I was in graduate school in southern California 30 years ago when the McMartin preschool sex abuse scandal erupted in the news media, featuring incredible tales of Satanic rituals, underground tunnels, group sex with animals and children, and various alleged acrobatic acts that would challenge Cirque du Soliel, all believed credulously by the media and California prosecutors. A six-year criminal trial ultimately concluded that the charges were all bogus—every single one of them. But it was the first of several entirely bogus episodes that saw the media credulously reporting wild charges, and prosecutors obtaining convictions of innocent people. (The Amirault case in Massachusetts, covered at length by Dorothy Rabinowitz at the Wall Street Journal, is another egregious example. See the Wikipedia entry for “child sex abuse hysteria” for a good rundown of the leading cases.)

Part of this farce included an army of “expert consultants” and other advocacy organizations drawn from the “caring professions,” and soon many organizations started receiving government and foundation grants to perpetuate this crisis.

It’s not there was never any child abuse occurring at schools or elsewhere, but there was something so literally incredible about many of these “Satanic ritual abuse child abuse cults” that serious doubts and questions should have been raised right at the outset.

Some hard questions are starting to be asked about the latest sequel to the Sallem witch trials—the college campus “rape culture” hysteria. It isn’t that women aren’t being preyed upon on college campuses (though what did people expect after the sexual revolution knocked down all conventions and restraints, and colleges decided it would no longer take seriously any duties of policing student character?). But we know that the “one-in-five women have been raped” statistic is bogus.

The recent Rolling Stone story about an especially brutal gang rape at the University if Virginia is provoking considerable backlash—with a few critics suggesting the entire story might be a hoax—and may represent a turning point in the current rush to implement star chamber proceedings on college campuses that trample due process rights. Richard Bradley, who as an editor at George magazine in the 1990s was taken in by some Stephen Glass’s fabrications, thinks the RS story has many of the same Glass-like alarm bells:

The lesson I learned: One must be most critical, in the best sense of that word, about what one is already inclined to believe. So when, say, the Duke lacrosse scandal erupted, I applied that lesson. The story was so sensational! Believing it required indulging one’s biases: A southern school…rich white preppy boys…a privileged sports team…lower class African-American women…rape. It read like a Tom Wolfe novel.
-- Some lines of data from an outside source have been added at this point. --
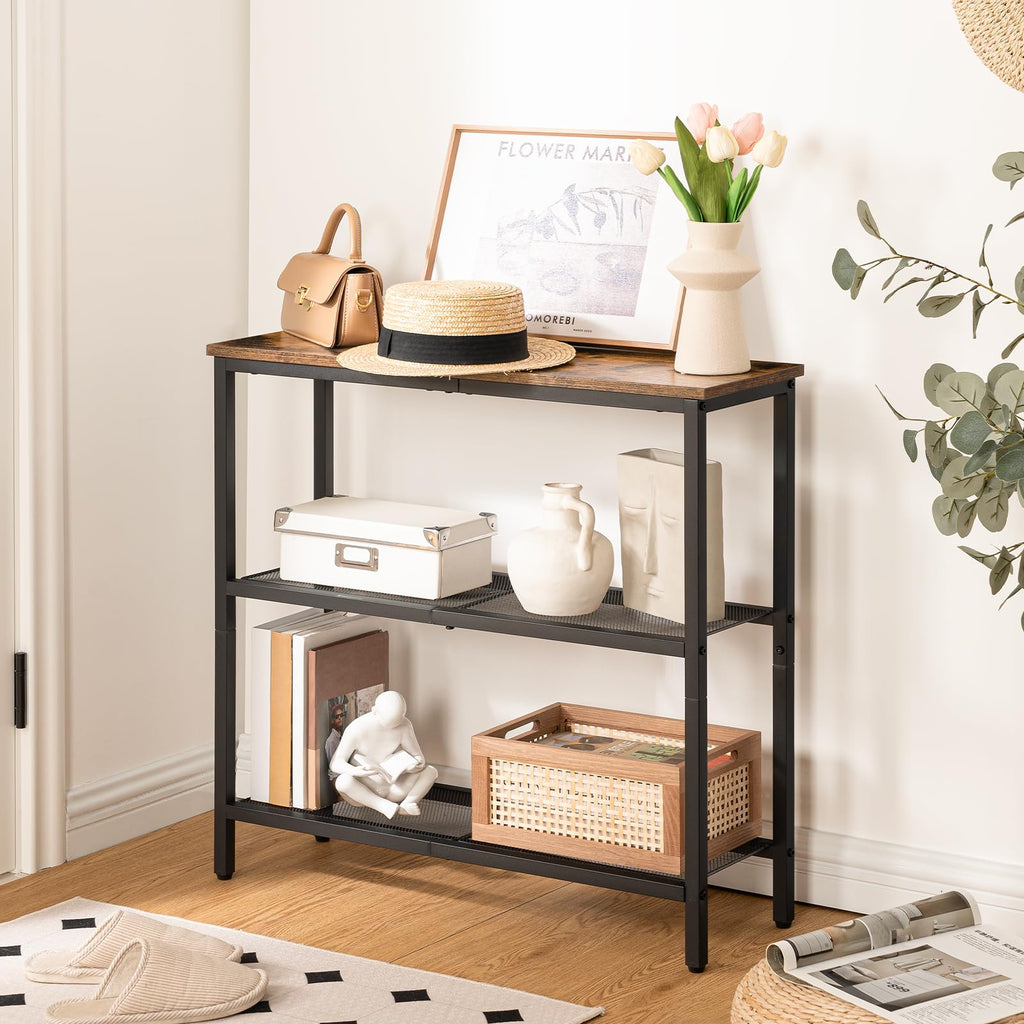 29.5" Narrow 3-Tier Console Table J685327
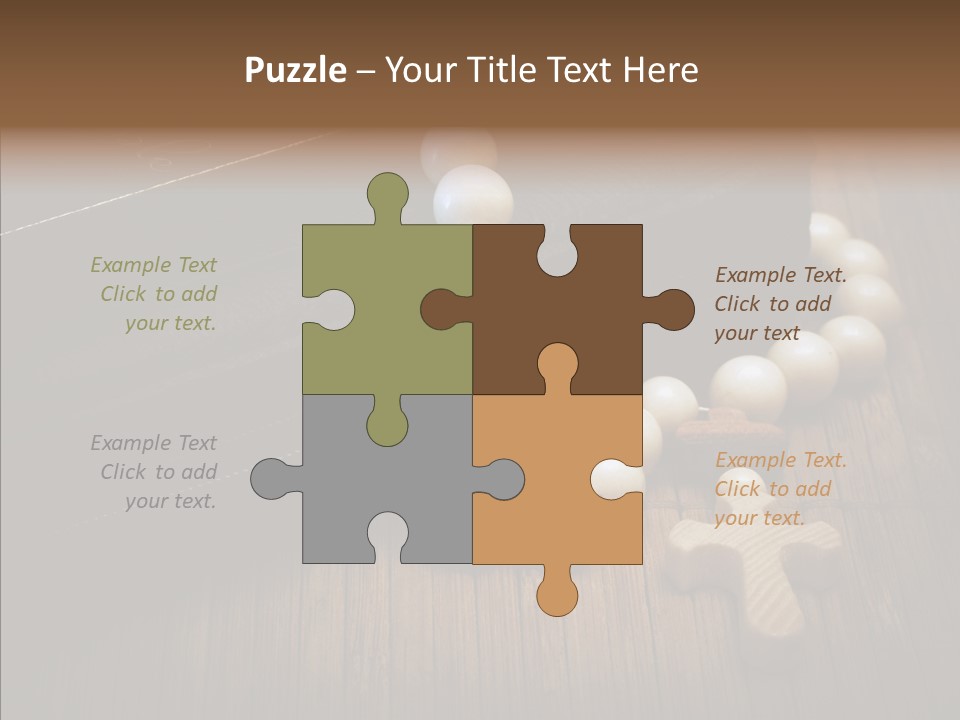 Beads Background Book PowerPoint Template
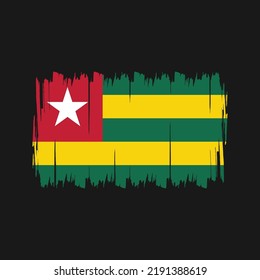 Togo Flag Vector. National Flag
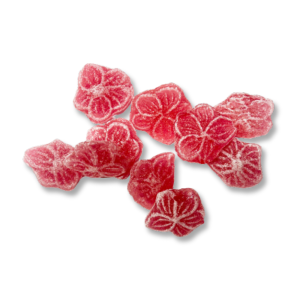 bonbon dur à la rose
bonbon en forme de rose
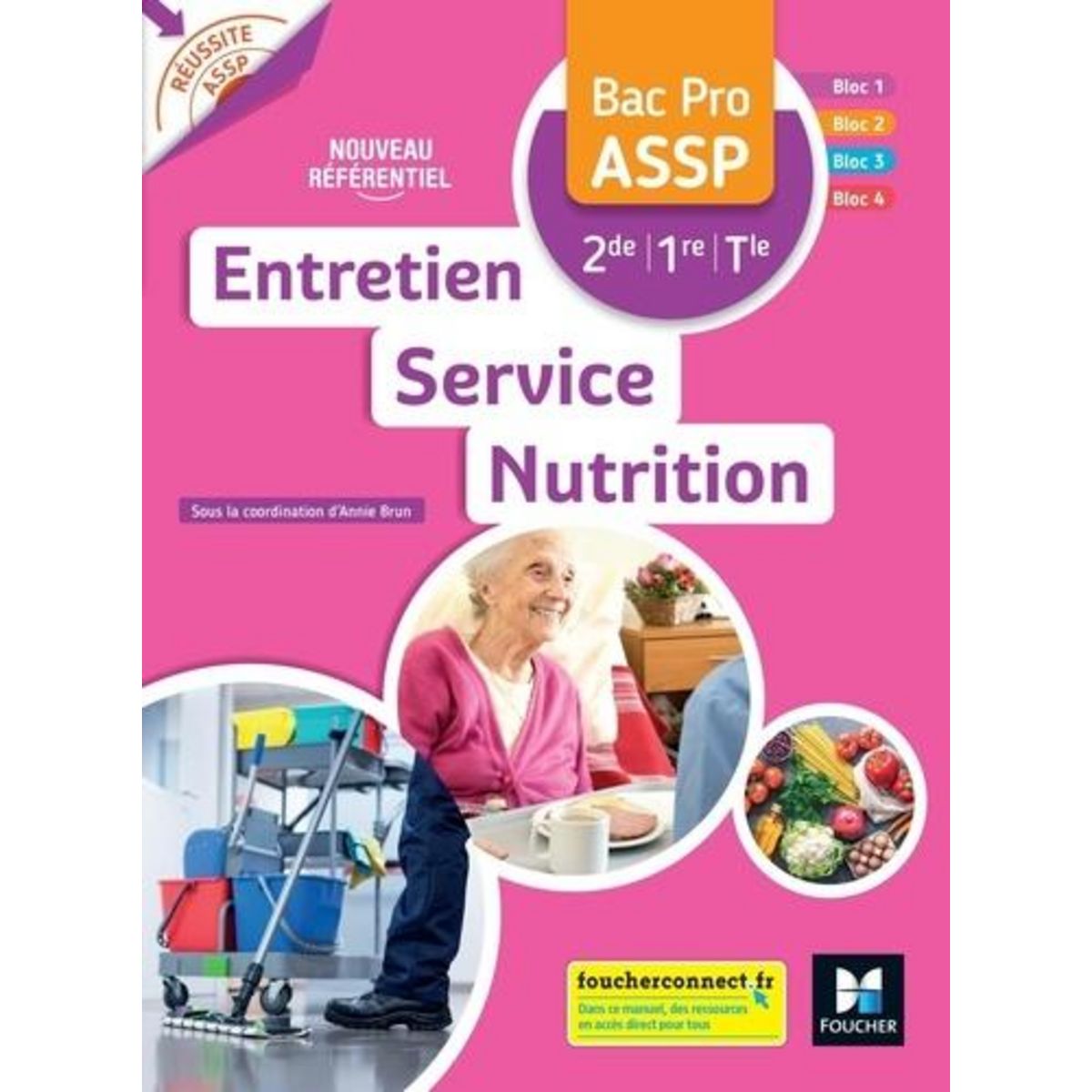 ENTRETIEN SERVICE NUTRITION 2DE/1RE/TLE BAC PRO ASSP. EDITION 2022, Brun Annie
And of course it never happened.

The article alleges a truly horrifying gang rape at a UVA fraternity, and it has understandably shocked the campus and everyone who’s read it. . .

The only thing is…I’m not sure that I believe it. I’m not convinced that this gang rape actually happened. Something about this story doesn’t feel right.
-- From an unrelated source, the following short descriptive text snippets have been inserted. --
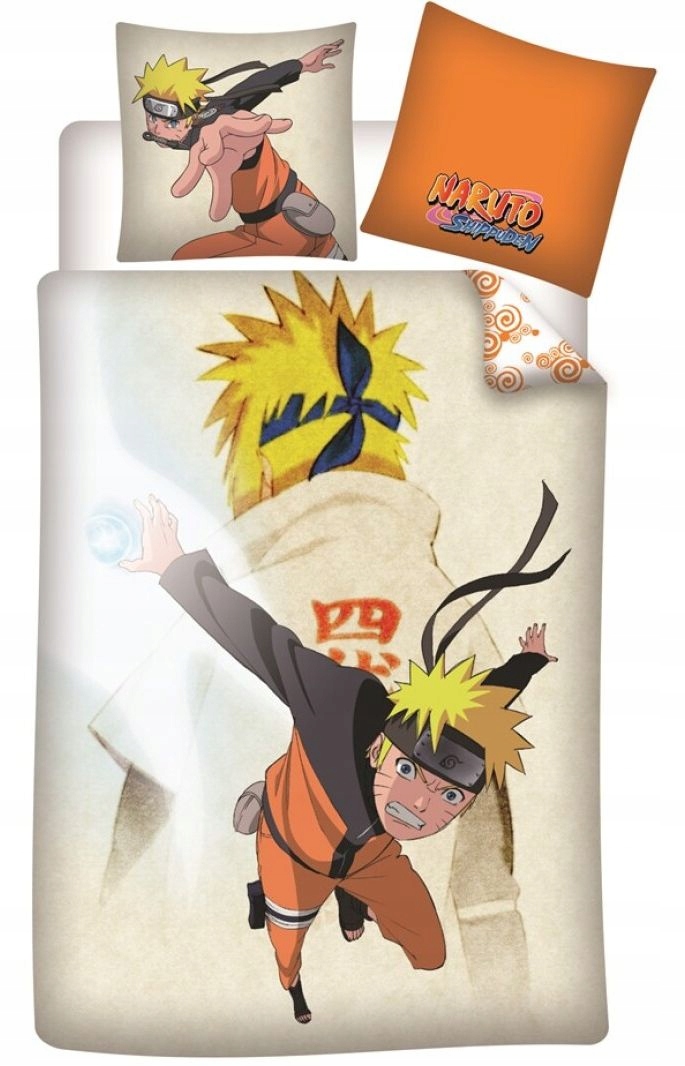 Dwustronna Pościel Naruto Manga Anime 140x200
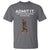 Funny Bigfoot T Shirt Admit It Life Would Be Boring Without Me Rock Hand - Wonder Print Shop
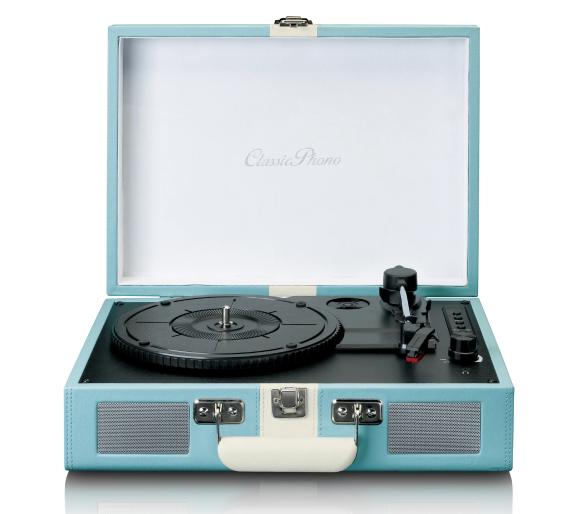 gramofon Lenco TT-110BUWH (niebiesko-biały)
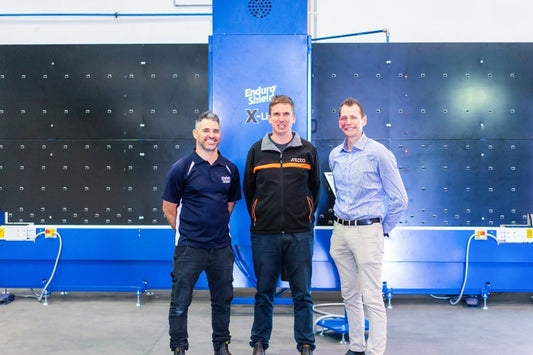 Aristo Glass integrates x-line high speed coating machine with EnduroShield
There’s more at the link, but Bradley is joined in his deep skepticism by Judith Shulevitz at The New Republic, Paul Fahri of the Washington Post, and Ali Elkin and Megan McArdle at Bloomberg. The very best beat down may be Bret Stephens this morning in the Wall Street Journal:

It isn’t surprising that a generation of journalists schooled in the idea that “narrative” contains truth independent of fact are so easily taken in by stories that ultimately prove less than accurate, if not utterly untrue. Nor is it surprising that American distrust in the news media is near an all-time high. Bad journalism is bad for journalism, and good journalists have a responsibility and an interest in calling out sensationalist stories whose details ring false even as they play to whatwe’re inclined to believe is true.

The UVA story cries out for a much closer look.
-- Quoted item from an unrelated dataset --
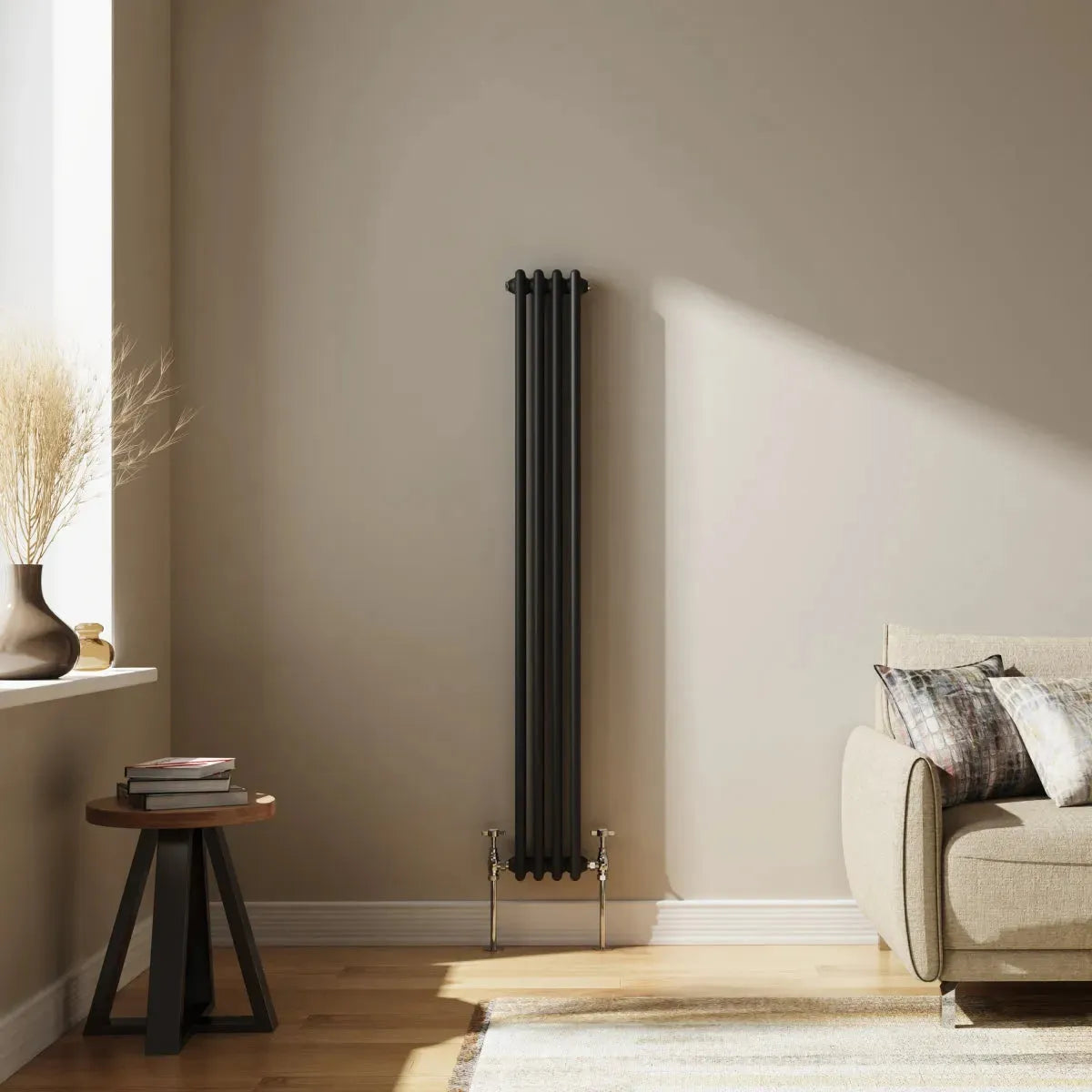 Ferentino - Traditional vertical column radiator black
I think it is going to get that closer look, and perhaps even end the journalism career of its writer, Sabrina Rubin Erdely, even if some elements of the story are true. At the very least, Rolling Stone is guilty of extremely shoddy journalism, and if the University of Virginia is serious about rape, they should demand a police investigation. Instead they’re just trying to eliminate fraternities.

It took years for the “Satanic child abuse crisis” to collapse, and several months for the Duke lacrosse scandal to turn around. What is interesting about the UVa story is how quickly it is facing credible challenge. Keep a close eye on this.

JOHN adds: From what I have seen, I would guess that the story is mostly or entirely false. Much of it is simply incredible, and reads like a parody. Now, do incredible things happen? Sadly, yes, at times. But the striking thing about the Rolling Stone article, written by an activist reporter, is that there is not a word of the rape story that an actual, identifiable human being stands behind. Every source, including the woman who ostensibly suffered the horrifying gang rape, is anonymous.

Experience tells us that it is easy to spin wild stories when there is no accountability–and, to be fair, it is equally easy to deny true allegations, anonymously. Unless and until someone is willing to attach his or her name to the tales spun by Rolling Stone, and subject himself or herself to appropriate questioning, I will assume that every word of the Rolling Stone story is a fabrication. Only at that point can we even begin talking about credibility.

If there really was a gang rape at the University of Virginia, the perpetrators should be executed; or, if capital punishment is no longer available, they should be sentenced to life without parole. The fact that no one seems interested in pursuing such criminal penalties suggests that no one with knowledge of the facts believes that the rape actually occurred.

There is more to be said about this story as it relates to journalism. Perhaps another time.